SINGAPORE, May 24 (NNN-CNA) — It is “not tenable” for Singapore to go easy on Malaysian drug offenders who are caught on this side of the Causeway, said Singapore’s Home Affairs and Law Minister K Shanmugam on Friday.
Speaking at the Central Narcotics Bureau (CNB) Workplan seminar, Shanmugam mentioned the case of Pannir Selvam Pranthaman, the Malaysian who was granted a stay of execution on Thursday by the Court of Appeal, saying he was accorded full due process at every stage.
The 31-year-old was convicted of trafficking 51.84g of heroin through Woodlands Checkpoint in September 2014.
“You bring in 51, 52 grams of pure heroin, it is equal to over 4,000 straws of heroin, and feeds hundreds for a week. A person like that is a dealer in death, no two ways about it,” Shanmugam said, but did not go into specific details as the case is before the courts.
Malaysia’s Minister in the Prime Minister’s Department Liew Vui Keong told the Malay Mail on Friday that he was “pleased to know of the stay of execution” for Pannir Selvam and had liaised with counterparts in Singapore with the blessings of Malaysia’s Foreign Office.

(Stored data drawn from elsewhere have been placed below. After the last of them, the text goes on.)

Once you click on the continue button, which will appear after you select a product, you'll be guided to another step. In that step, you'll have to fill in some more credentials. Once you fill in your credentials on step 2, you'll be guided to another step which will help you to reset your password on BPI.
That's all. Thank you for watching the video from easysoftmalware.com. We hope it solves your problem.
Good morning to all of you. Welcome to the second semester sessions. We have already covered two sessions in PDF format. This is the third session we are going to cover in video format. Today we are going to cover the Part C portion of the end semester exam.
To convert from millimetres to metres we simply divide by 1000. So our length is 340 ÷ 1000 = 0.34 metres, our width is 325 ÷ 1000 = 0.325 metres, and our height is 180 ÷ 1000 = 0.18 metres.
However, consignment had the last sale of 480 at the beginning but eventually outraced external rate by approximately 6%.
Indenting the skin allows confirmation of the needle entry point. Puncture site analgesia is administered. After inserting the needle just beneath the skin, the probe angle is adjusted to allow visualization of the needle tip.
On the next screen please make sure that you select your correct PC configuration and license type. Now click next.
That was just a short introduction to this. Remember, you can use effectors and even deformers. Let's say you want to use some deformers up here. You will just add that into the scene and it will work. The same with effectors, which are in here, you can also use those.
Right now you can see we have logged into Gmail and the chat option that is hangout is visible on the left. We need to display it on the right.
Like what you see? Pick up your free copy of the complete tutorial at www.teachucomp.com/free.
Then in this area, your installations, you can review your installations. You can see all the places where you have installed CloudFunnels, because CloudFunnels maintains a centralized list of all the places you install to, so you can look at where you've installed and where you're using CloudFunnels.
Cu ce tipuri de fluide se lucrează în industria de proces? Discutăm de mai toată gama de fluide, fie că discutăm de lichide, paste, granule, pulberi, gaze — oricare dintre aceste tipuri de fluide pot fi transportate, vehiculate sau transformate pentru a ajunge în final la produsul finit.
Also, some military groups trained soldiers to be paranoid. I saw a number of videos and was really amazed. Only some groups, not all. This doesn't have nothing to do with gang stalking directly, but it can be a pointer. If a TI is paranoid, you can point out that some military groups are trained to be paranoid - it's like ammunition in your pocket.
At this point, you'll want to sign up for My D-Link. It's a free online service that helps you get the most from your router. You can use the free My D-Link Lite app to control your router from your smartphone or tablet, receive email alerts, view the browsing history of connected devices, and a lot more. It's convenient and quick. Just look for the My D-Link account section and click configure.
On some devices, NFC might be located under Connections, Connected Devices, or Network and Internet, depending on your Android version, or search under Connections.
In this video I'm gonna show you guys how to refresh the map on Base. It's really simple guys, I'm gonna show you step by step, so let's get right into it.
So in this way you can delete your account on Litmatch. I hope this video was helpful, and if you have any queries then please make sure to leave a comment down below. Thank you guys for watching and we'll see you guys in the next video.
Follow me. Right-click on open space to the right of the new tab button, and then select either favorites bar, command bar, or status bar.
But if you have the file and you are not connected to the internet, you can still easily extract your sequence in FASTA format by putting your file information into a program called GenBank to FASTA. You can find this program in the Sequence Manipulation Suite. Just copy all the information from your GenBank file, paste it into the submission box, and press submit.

Shanmugam gave some observations about drug traffickers coming from Malaysia. He said that there are some from Malaysia’s ruling Pakatan Harapan (PH) coalition party who are “ideologically opposed” to the death penalty and that they “have to respect that position”.
“At the same time, we do impose the death penalty in Singapore, and I expect that Malaysia will respect that position as well,” he said.
Singapore received three requests from Malaysia to intervene in executions since the PH government came into power a year ago, and two of these were drug traffickers, he added.
He pointed out that a majority of Singaporeans supported a tough anti-drug stance, including the use of the death penalty against drug traffickers.
The results of a study by the Ministry of Home Affairs last week showed that 69.6 per cent of Singaporeans polled indicated that the death penalty is an appropriate punishment for criminals who traffic a large amount of drugs.
“It is not tenable to give a special moratorium to Malaysians, and impose it on everyone else, including Singaporeans who commit offences which carry the death penalty,” Shanmugam said.
Shanmugam said he intends to write back to his counterpart Liew to discuss ways to address this issue of cross-border drug offences and to “get to the root of the problem”.
One of the things he wants to bring up is to find out how many drug offenders are picked up by Malaysian authorities on their side of the Causeway.
He said it would be good for both sides if drug traffickers were caught by Malaysian authorities, as the offenders can be dealt with according to Malaysia’s laws and not have to worry about Singapore’s capital punishment.
He will also ask about efforts to catch drug kingpins operating from Malaysia who are “too scared” to come into Singapore.
“We have good cooperation with Malaysian agencies; they do a good job, we cooperate effectively. And I hope they can be given every support, and we can get more evidence on the other kingpins operating in Malaysia to be picked up,” Shanmugam said.
Another thing he wants to suggest is to publicise Singapore’s laws regarding drug offences to communities in Malaysia that may be more susceptible to being lured to bring drugs into Singapore.
“(The message would be) don’t traffic (drugs) into Singapore. And if you do, these are the consequences,” Shanmugam said.